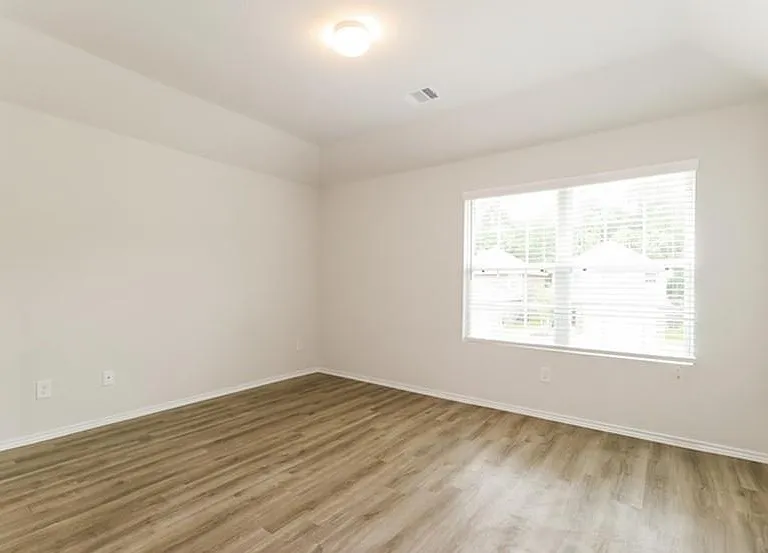 2743 Madison Ct — Photo 11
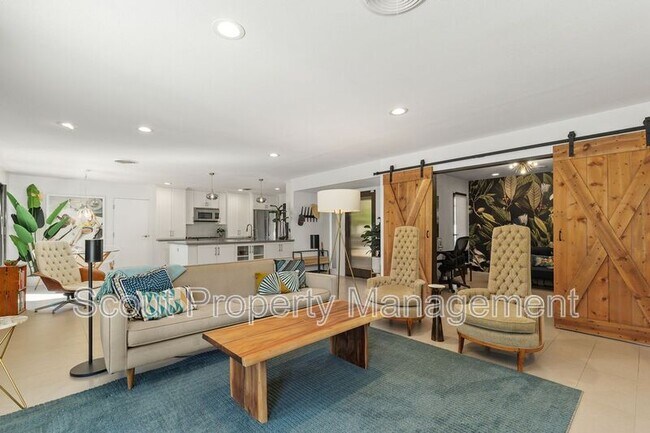 Foto del edificio - 46560 Cameo Palm Dr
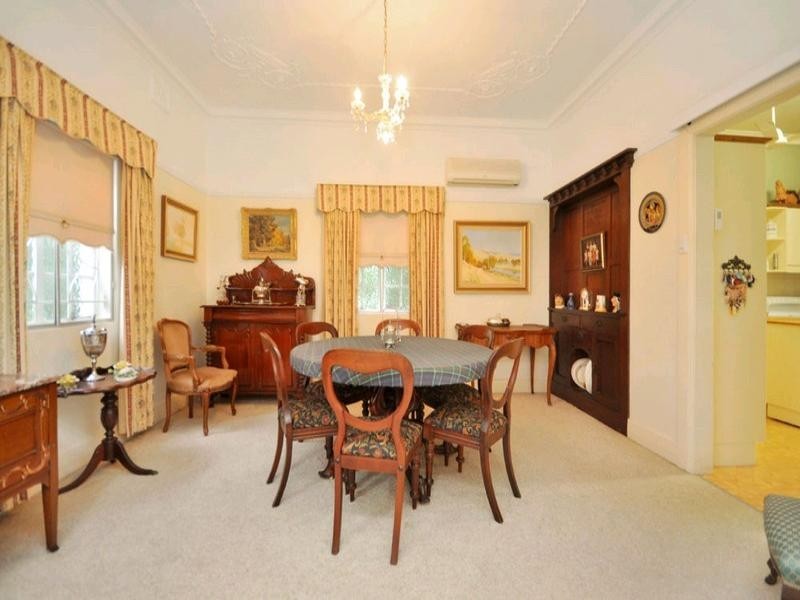 6 The Drive, Bardon QLD 4065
----------------
Please return only the lines running from the line with "Foto del edificio - 46560 Cameo Palm Dr" to the final line of the data, both included, exactly and without any pictures.

 Foto del edificio - 46560 Cameo Palm Dr
 6 The Drive, Bardon QLD 4065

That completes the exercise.